Feb 01, 2006 06:37
why do i argue?
why do i bother? i never win. i barely ever accomplish anything useful. i rarely even provoke a lasting thought that can change anything.
yet i keep doing it. i keep on arguing. why?
why can't i just give in, accept the facts whether i like them or not, and at least try to have a semblance of grace in the face of inevitability? why do i have to kick and scream and rail against what seems to be so obviously my fate?
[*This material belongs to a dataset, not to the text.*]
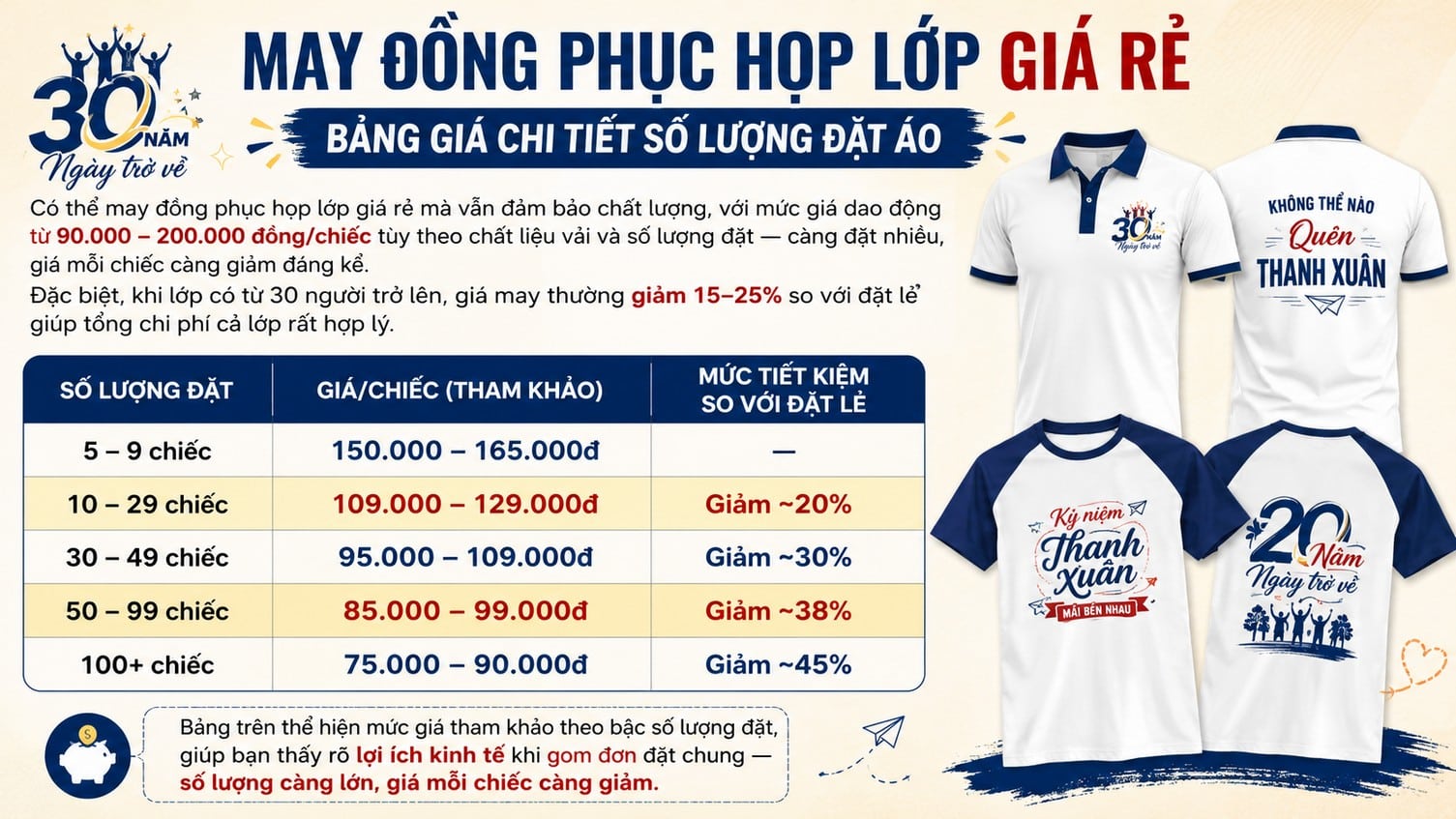 Đồng phục họp lớp và yếu tố chi phí đặt may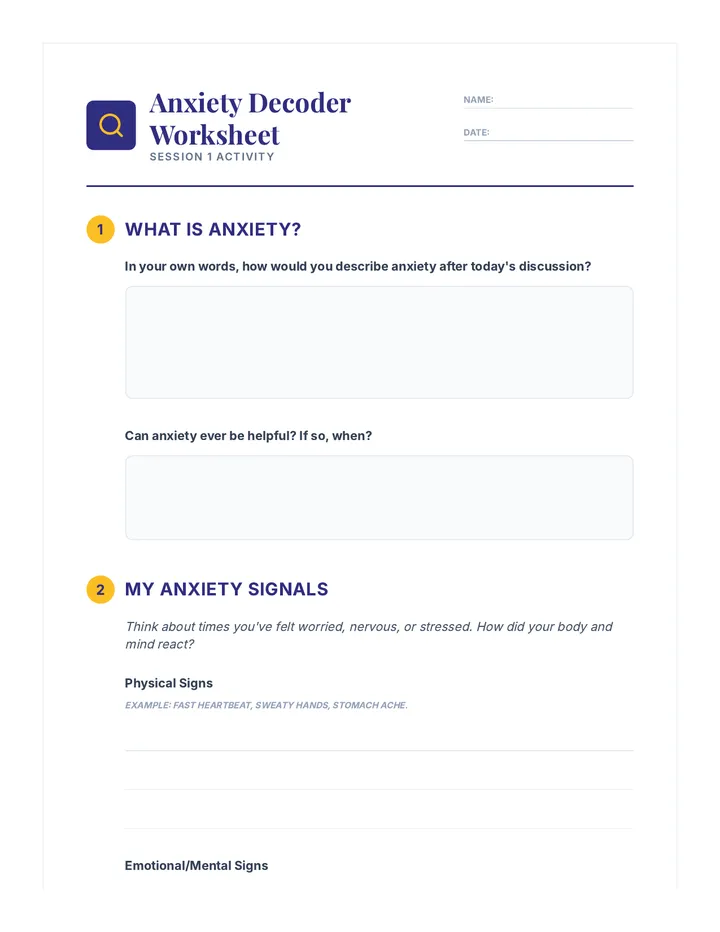 Anxiety Decoder Worksheet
in different and various places on the internet, i have seen people make scathing comments about attitude that people my generation and younger have toward society at large...remarks that say we have an undeserved sense of entitlement, and/or a feeling that the "world owes us something". i can tell them why we appear to have those attitudes. it's easy to explain. when i was young, i was taught, almost verbatim, that my life would be - and could be - anything i chose to make of it. that i would have the power to make decisions that would decree the course of my life. that i could, basically, do anything. a lot of my peers have said the same things. apparently, our teachers and parents and society lied. our choices, by and large, mean diddly. we were promised power, at least over ourselves if nothing else, and we have none. so we look for it. we try to manufacture it if we can.
and i guess, in the case of myself, that we kick and scream and rail when we have any little tiny bit of it taken away...no matter how obviously fated it was that it would be gone.